* [PROBLEM REQUIREMENTS]
Exact copies of the lines from the start of the records through the line with "There's the icon" are what the answer must hold; pictures are not part of it.
----
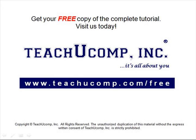Get your free copy of the complete tutorial at www.teachucomp.com/free.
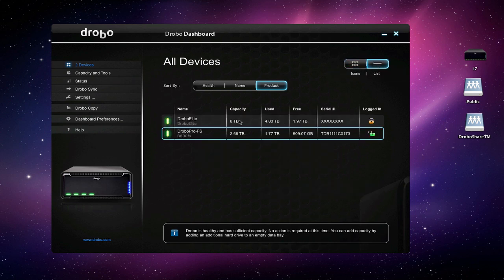There's the icon view like this right here, or you can look at it via a list. The list gives you a little bit more detail: what the capacity is, how much has been used, what free space we have. You can see we're actually getting close to being ready to put some more capacity in our Drobo Pro FS, and that'll be the next in this series probably.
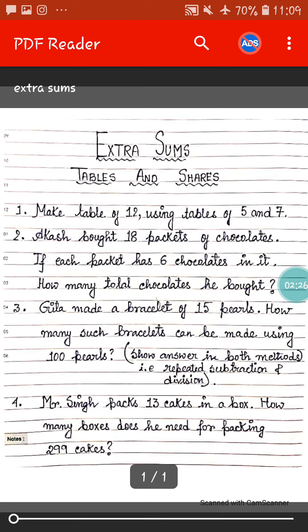Next sum: Geeta made a bracelet of 15 pearls. How many such bracelets can be made using 100 pearls? This type of sum you have done earlier. So answer in both methods, that is repeated subtraction method and division method. You have to show the calculation in both methods.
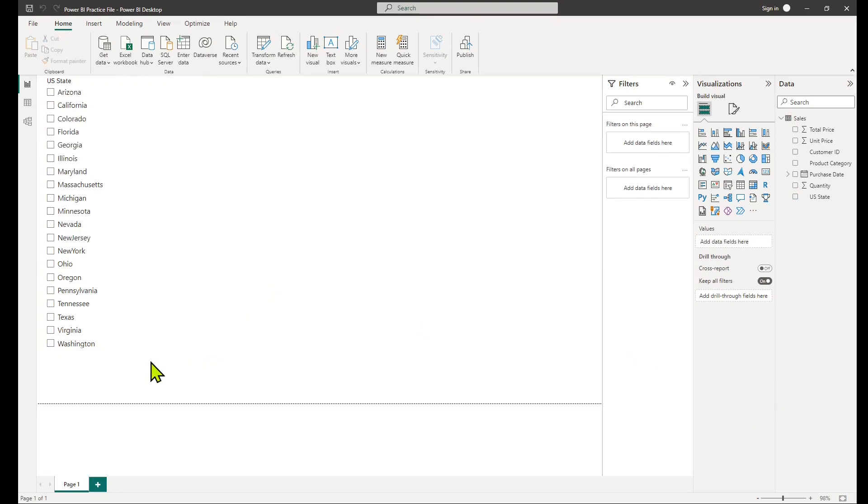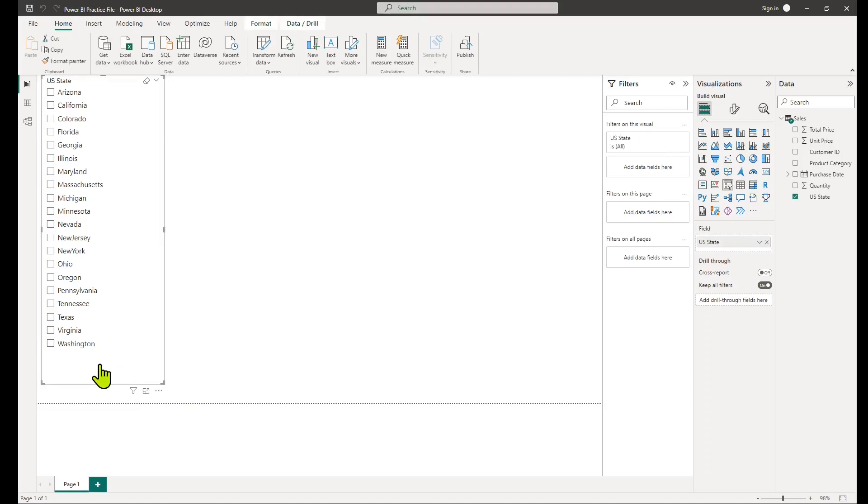To use the selected value function, you need to follow these steps. First, identify the name or reference of the slicer you want to retrieve the value from.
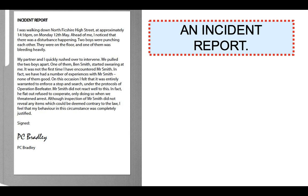You may also receive further information such as an incident report. This one is from PC Bradley about Shirley Smith's son. The report reads: I was walking down North Fickshire High Street at approximately 4:16 on Monday. Ahead of me, I noticed a disturbance — two boys were punching each other, one of them bleeding heavily. My partner and I rushed over to intervene and pulled the two boys apart. One of them, Ben Smith, started swearing at me. It was not the first time I have encountered Mr. Smith — we have had a number of experiences with him, none of them good. On this occasion I felt it was entirely warranted to enforce a stop and search under the protocols of Operation Beefeater. Mr. Smith refused to cooperate, only doing so when we threatened arrest. Although the inspection did not reveal any items contrary to the law, I feel my behavior was completely justified. You would use all of that information to provide your response.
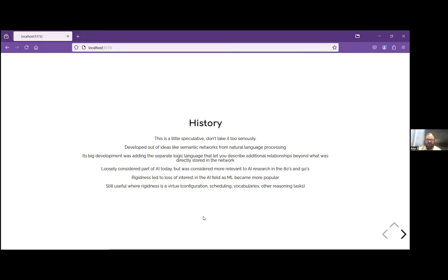Looking at a little bit of the history of description logic: it comes a lot from natural language processing and AI. It doesn't seem as popular in AI anymore — machine learning has become really popular in that field, and logic, while still taught in AI courses, is maybe not used as much. Description logic has found its own applications outside of AI, and is used a lot in situations where you want very well-controlled, discrete handling of your data — things like configuration, scheduling, vocabularies, and technologies like SKOS.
----
* [TASK SOLUTION]
Get your free copy of the complete tutorial at www.teachucomp.com/free.
There's the icon view like this right here, or you can look at it via a list. The list gives you a little bit more detail: what the capacity is, how much has been used, what free space we have. You can see we're actually getting close to being ready to put some more capacity in our Drobo Pro FS, and that'll be the next in this series probably.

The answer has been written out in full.